以上述べた筆者らの高分子固体膜による光学分割の主な結果を図18にまとめた。それぞれの膜の特徴を以下にまとめる。
(+) -ポリ (DPSP) : 幅広い化合物を分割でき, 水以外にメタノール溶媒を使用することで速度を向上できる。特に初期では完全分割が行われる。この膜はΔPには耐えられないがPVやEVに利用でき, 速度を大きく向上できる。拡散性の差で分離される。緻密な膜であることが重要である。
(-) -ポリ (PNBD) : TrpのCPで (+) -ポリ (DPSP) よりも高い透過速度が得られたが, 分割対象が限られ, またΔP, PV, EVでは分離能を示さない。

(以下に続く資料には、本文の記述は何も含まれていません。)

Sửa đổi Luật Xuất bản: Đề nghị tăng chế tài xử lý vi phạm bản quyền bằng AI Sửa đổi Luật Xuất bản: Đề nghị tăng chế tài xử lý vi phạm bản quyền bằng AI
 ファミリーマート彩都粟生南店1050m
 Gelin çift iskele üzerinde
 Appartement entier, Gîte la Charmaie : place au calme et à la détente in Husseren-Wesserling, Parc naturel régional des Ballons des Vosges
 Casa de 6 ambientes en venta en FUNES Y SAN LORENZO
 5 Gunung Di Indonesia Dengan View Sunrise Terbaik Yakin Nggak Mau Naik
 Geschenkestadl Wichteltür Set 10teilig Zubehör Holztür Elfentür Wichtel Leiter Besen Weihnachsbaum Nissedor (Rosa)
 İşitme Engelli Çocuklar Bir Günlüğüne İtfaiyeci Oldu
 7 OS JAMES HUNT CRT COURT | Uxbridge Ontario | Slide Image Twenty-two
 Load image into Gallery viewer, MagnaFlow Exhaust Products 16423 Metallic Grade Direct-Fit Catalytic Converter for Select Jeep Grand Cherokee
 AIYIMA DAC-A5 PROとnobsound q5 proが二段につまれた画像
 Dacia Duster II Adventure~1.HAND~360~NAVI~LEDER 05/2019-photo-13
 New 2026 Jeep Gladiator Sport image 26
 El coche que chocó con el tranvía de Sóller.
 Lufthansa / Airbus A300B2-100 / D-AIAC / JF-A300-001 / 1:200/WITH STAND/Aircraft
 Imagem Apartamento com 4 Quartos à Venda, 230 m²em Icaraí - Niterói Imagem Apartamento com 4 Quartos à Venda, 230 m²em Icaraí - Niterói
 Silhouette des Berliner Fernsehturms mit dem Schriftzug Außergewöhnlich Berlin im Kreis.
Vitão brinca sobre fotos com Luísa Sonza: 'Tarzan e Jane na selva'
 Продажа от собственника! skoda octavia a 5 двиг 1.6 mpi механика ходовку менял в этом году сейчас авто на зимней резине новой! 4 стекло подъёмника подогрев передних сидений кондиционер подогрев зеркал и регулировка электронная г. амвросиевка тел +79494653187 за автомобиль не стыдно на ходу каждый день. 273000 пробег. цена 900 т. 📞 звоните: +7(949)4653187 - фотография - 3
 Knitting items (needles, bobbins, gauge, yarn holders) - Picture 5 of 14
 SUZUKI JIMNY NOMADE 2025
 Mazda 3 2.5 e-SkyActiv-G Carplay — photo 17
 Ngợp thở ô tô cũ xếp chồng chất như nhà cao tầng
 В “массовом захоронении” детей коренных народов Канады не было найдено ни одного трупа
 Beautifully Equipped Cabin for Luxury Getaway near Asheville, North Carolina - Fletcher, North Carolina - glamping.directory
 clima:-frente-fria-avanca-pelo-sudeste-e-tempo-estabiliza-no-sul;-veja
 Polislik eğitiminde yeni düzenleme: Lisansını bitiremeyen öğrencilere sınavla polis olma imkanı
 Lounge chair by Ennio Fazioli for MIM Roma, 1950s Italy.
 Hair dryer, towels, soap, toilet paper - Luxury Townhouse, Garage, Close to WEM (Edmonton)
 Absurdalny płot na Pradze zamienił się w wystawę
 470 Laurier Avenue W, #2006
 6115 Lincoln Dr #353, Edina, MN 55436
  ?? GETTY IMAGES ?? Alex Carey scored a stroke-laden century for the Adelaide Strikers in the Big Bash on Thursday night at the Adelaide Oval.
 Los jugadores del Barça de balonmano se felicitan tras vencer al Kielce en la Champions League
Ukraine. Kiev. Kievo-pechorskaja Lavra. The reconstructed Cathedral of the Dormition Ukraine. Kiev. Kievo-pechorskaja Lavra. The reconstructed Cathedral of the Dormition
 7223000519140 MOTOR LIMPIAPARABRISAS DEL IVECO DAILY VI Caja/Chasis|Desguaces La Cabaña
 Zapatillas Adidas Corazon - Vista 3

(-) -OMPS/PMMA : 幅広い化合物を分割でき, 基材が丈夫なPMMAであるので, ΔPやPVに利用でき, 速度を大きく向上できる。ただし, 耐久性にやや不安があり, メタノール溶媒は使用できない。溶解性の差で分離される。
(-) OMPS-グラフト-ポリフェニルアセチレン : たいへん膜の強度が良好で (-) -OMPS/PMMA膜以上の性能が期待できる。
(-) -ポリ (MtCPA) : 主鎖が高度に規則的な高分子であり, 主鎖のキラリティーの有効な利用が望まれる。
(+) -ポリ (Si
2LG) : 主鎖のキラリテイーの影響を受けながら透過できるドメインの構築により選択性が得られたが限界がある。